Information shown:
<<<<

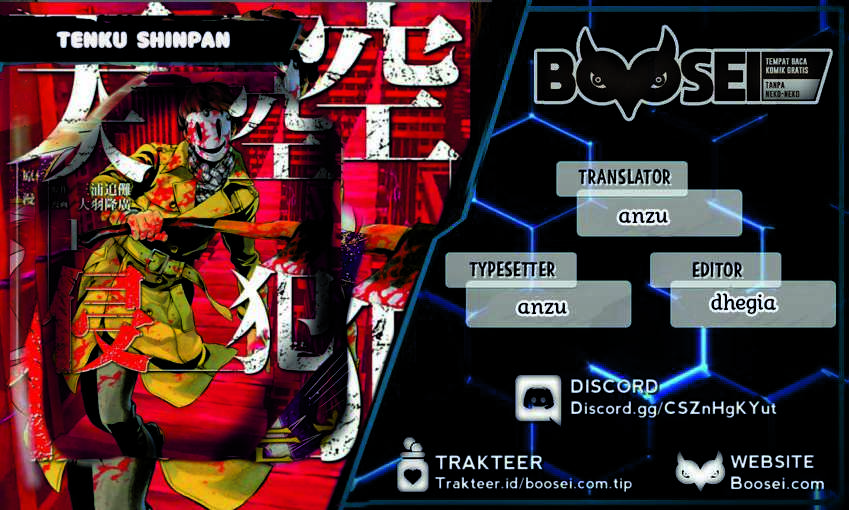 Chapter 203 - halaman 2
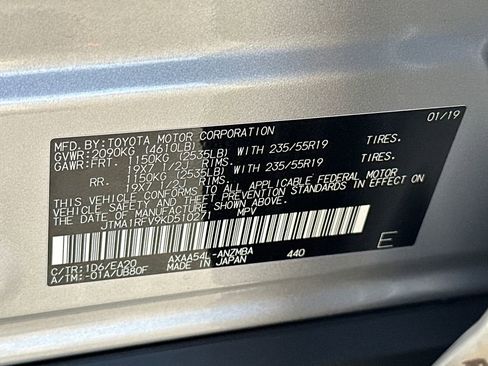 Used 2019 Toyota RAV4 XLE Premium w/ Cold Weather Package image 32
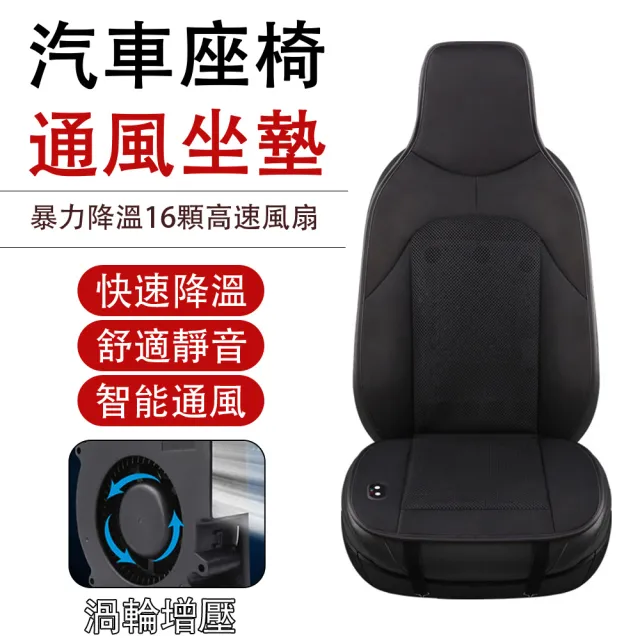【RTAKO】汽車散熱坐墊 通風吹風座墊 冷風降溫 車載座椅涼墊 三段風速 自動啟停 24V 按摩款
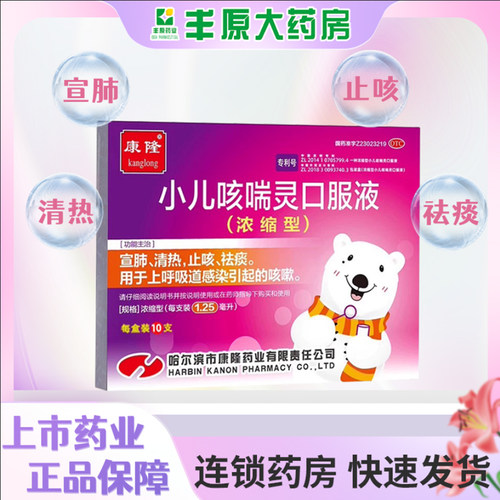 [康隆]小儿咳喘灵口服液1.25ml*10支/盒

>>>>

Work instructions:
Copy the listing in full and without alteration, omitting every picture.

Solution:
 Chapter 203 - halaman 2
 Used 2019 Toyota RAV4 XLE Premium w/ Cold Weather Package image 32
【RTAKO】汽車散熱坐墊 通風吹風座墊 冷風降溫 車載座椅涼墊 三段風速 自動啟停 24V 按摩款
 [康隆]小儿咳喘灵口服液1.25ml*10支/盒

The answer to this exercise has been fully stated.